So I wanted to avoid that if I could. For now, things were still ok. WebRTC is something the browser knows about, so it should have some kind of tools for WebRTC app developers to help debug things. I was using Firefox so I searched for "Firefox WebRTC debug" and got this. I installed that tool and was instantly disappointed. It told me essentially nothing that I couldn't have found out already. It doesn't give any insight into the inner workings of WebRTC, it just gathers up the events and properties any app could have subscribed to, and subscribes on my behalf, giving me a list of updates. I guess that's better than having to write that code myself, but in this case I just saw a list of updates that seemed reasonable, and still nothing worked. Not very helpful.
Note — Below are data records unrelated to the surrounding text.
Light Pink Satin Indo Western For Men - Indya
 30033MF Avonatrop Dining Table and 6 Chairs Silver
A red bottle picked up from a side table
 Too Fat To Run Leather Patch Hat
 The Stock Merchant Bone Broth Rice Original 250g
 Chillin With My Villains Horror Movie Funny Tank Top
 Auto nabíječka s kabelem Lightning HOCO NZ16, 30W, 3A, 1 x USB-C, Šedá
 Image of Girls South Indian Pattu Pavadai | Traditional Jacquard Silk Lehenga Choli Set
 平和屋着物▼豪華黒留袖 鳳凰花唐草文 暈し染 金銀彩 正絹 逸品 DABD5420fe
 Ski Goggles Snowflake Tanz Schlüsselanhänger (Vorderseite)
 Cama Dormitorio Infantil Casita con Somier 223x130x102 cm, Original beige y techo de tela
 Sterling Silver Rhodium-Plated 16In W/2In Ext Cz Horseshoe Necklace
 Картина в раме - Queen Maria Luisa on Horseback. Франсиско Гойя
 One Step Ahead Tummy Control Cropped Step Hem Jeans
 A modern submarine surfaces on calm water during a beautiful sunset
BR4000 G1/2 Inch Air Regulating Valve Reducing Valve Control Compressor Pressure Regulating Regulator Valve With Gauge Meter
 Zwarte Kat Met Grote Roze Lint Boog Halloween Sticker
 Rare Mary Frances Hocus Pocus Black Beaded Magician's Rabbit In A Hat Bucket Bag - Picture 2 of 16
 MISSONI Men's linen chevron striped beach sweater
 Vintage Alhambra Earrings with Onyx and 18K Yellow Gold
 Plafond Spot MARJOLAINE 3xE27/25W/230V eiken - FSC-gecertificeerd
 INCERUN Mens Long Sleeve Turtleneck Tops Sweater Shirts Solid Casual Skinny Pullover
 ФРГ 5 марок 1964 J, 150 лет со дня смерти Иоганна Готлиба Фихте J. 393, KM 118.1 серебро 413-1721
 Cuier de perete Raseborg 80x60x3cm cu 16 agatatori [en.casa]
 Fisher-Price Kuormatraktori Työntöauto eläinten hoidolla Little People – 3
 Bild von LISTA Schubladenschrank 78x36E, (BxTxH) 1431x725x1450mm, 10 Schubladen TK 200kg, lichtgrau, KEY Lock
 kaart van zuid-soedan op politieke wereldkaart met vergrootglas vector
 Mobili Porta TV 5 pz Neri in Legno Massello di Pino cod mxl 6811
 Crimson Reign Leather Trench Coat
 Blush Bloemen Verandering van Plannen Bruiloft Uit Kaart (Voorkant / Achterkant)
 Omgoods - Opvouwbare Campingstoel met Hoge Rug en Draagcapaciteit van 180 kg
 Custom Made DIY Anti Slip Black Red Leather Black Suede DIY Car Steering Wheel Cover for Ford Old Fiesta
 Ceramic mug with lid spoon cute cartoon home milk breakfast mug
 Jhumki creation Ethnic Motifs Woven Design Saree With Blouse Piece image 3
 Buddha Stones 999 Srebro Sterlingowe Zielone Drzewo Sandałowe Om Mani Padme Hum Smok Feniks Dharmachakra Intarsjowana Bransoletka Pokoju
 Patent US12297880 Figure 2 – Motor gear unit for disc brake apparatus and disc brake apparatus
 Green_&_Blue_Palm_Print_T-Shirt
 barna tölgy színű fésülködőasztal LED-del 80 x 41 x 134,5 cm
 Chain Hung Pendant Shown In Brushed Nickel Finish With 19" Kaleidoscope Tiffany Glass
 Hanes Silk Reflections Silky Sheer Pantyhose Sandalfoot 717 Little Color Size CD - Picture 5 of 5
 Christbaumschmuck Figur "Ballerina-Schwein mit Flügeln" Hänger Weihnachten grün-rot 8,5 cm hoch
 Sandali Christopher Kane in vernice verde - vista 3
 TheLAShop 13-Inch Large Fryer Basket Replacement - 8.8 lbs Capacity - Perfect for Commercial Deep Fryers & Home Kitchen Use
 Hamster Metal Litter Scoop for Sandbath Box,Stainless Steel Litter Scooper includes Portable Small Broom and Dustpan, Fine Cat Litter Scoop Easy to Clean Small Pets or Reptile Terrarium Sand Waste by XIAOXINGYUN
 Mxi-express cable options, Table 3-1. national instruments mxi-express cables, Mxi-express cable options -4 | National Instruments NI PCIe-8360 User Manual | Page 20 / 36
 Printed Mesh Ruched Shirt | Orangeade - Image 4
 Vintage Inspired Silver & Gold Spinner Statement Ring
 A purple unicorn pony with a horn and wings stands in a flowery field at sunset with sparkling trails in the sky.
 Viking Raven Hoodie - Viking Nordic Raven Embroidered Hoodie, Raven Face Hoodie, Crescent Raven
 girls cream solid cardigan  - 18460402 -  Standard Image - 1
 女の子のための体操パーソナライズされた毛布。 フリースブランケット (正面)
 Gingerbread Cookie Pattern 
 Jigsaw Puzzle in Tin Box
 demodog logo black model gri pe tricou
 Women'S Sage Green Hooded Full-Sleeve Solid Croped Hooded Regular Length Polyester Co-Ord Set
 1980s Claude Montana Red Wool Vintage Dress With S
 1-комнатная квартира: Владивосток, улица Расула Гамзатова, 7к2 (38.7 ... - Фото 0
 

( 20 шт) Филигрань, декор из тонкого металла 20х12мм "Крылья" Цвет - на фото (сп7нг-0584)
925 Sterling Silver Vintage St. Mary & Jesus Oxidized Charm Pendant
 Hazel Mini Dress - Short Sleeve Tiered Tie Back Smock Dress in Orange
screenshot of Firefox's WebRTC debugging UI

The situation looked a little better on Chromium, so I switched over to that. There's a built-in special URI chrome://webrtc-internals/ that provides on the left of the page the same log of events that Firefox's plugin did, but on the right allowed me to peek inside all the various data structures in their current state and see what was going on. Finally I was getting somewhere!

screenshot of Chromium's WebRTC debugging UI

I started by comparing working calls (inbound calls) to broken calls (outbound calls), to get a sense of what was different about them. There were a few false starts here that ended up coming down to randomness instead. It seemed like inbound calls always had some events in one order, and outbound had them in another, so maybe it was a race condition there! But then 1 in 5 inbound calls would actually have them in reverse order and it would still work. It looked like maybe it would work only if srflx candidates were chosen (don't worry about what that means), but then it wouldn't again. I was grasping at straws trying to find a pattern. While I was looking through properties, I did notice one strange thing: one of the pieces of information that is exposed is the number of bits flowing through each candidate pair and each interface. I noticed as I was looking around that the peer connection's inbound data rate was 0, but one of the interfaces had data streaming into it. It just wasn't the interface that had been chosen for the connection... That was weird. It meant Asterisk was trying to send data to the wrong place. To understand what that meant we have to go on another detour!

Detour 2: NATs and ICE

So what are these "candidates", and "addresses", and why are we exchanging them, pairing them up, and choosing them? This is part of the standard called ICE (which has a newer version of the standard also called ICE). This standard also relies on another standard called STUN and optionally an extension to STUN called TURN. That all sounds pretty complicated, but what is it all for? The problem is NATs. First I'll give the basic, oversimplified, version of the problem. Then the basic, oversimplified, version of the solution.

The Problem: NATs

The way practically the entire internet works is that each device is given an address. Then, when one computer wants to talk to another, it wraps the data up into a packet, addresses the packet to the other computer, and then pushes it out the wire (or through the air) onto "the network". If the computer on the other end of that wire (AKA, the router) is the one the packet was addresses to then the packet is received! If not, but the router knows where to find that computer, the packet is sent along that wire and bounces along from computer to computer until it reaches its destination. There's a problem with this, though. In the original design for the internet the addresses were given enough digits to allow for roughly 4 billion different addresses in the best-case scenario. In reality it was much fewer than that. In the 80s that may have seemed like an enormous amount of computers, but these days a single human may have a laptop, tablet, desktop, and a phone. They also may have a thermostat, a fridge, a speaker, a television, and various light bulbs and sensors that are also on the internet. Even in the 90s a company may have had a building full of hundreds or thousands of computers, all for people that had their own computers at home. There was just more demand than expected. So, for this reason (among others) NATs became common.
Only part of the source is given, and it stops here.